▶ TASK ITEM
Repeat the data verbatim, images excluded.

Image-caption web data:
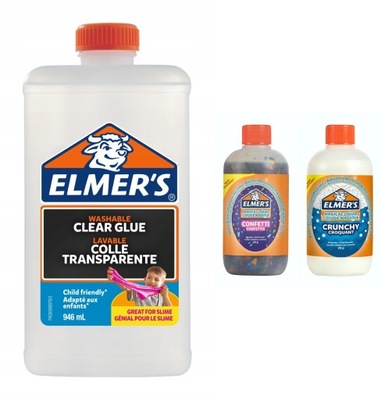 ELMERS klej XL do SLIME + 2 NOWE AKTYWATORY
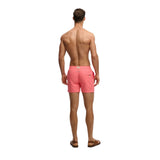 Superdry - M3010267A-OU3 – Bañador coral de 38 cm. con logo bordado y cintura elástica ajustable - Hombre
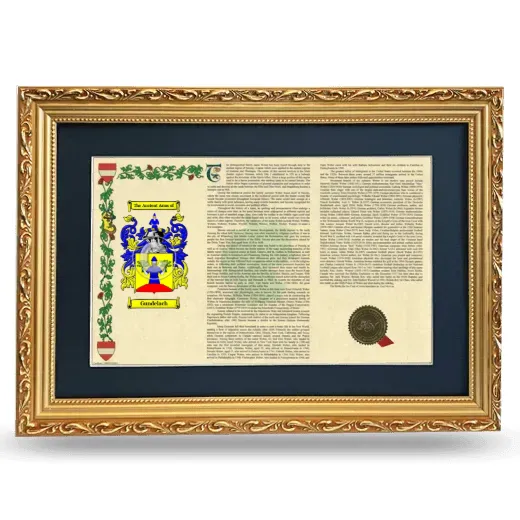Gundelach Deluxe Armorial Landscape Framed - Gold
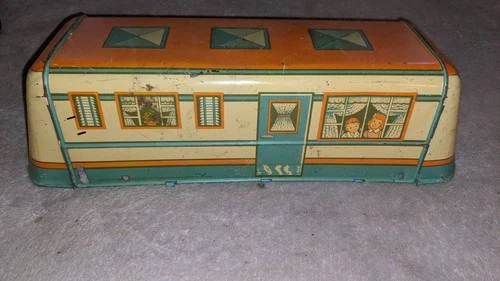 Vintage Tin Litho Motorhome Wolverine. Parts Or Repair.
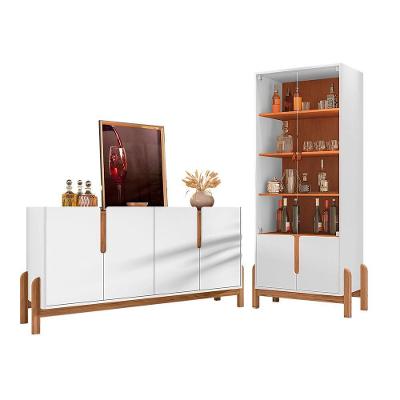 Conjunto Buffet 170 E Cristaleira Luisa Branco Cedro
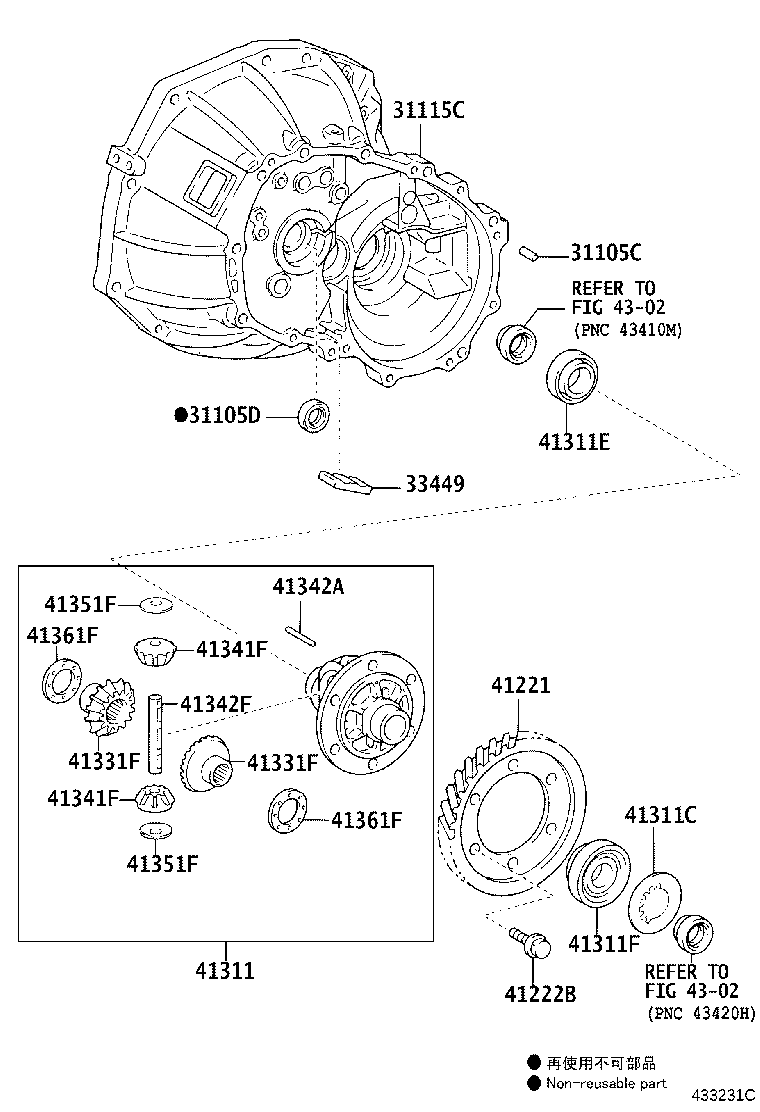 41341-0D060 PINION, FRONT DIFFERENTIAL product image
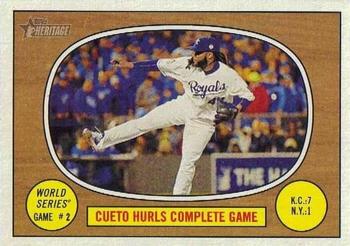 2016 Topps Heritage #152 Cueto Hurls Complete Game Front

▶ RESPONSE
 ELMERS klej XL do SLIME + 2 NOWE AKTYWATORY
 Superdry - M3010267A-OU3 – Bañador coral de 38 cm. con logo bordado y cintura elástica ajustable - Hombre
Gundelach Deluxe Armorial Landscape Framed - Gold
 Vintage Tin Litho Motorhome Wolverine. Parts Or Repair.
 Conjunto Buffet 170 E Cristaleira Luisa Branco Cedro
 41341-0D060 PINION, FRONT DIFFERENTIAL product image
 2016 Topps Heritage #152 Cueto Hurls Complete Game Front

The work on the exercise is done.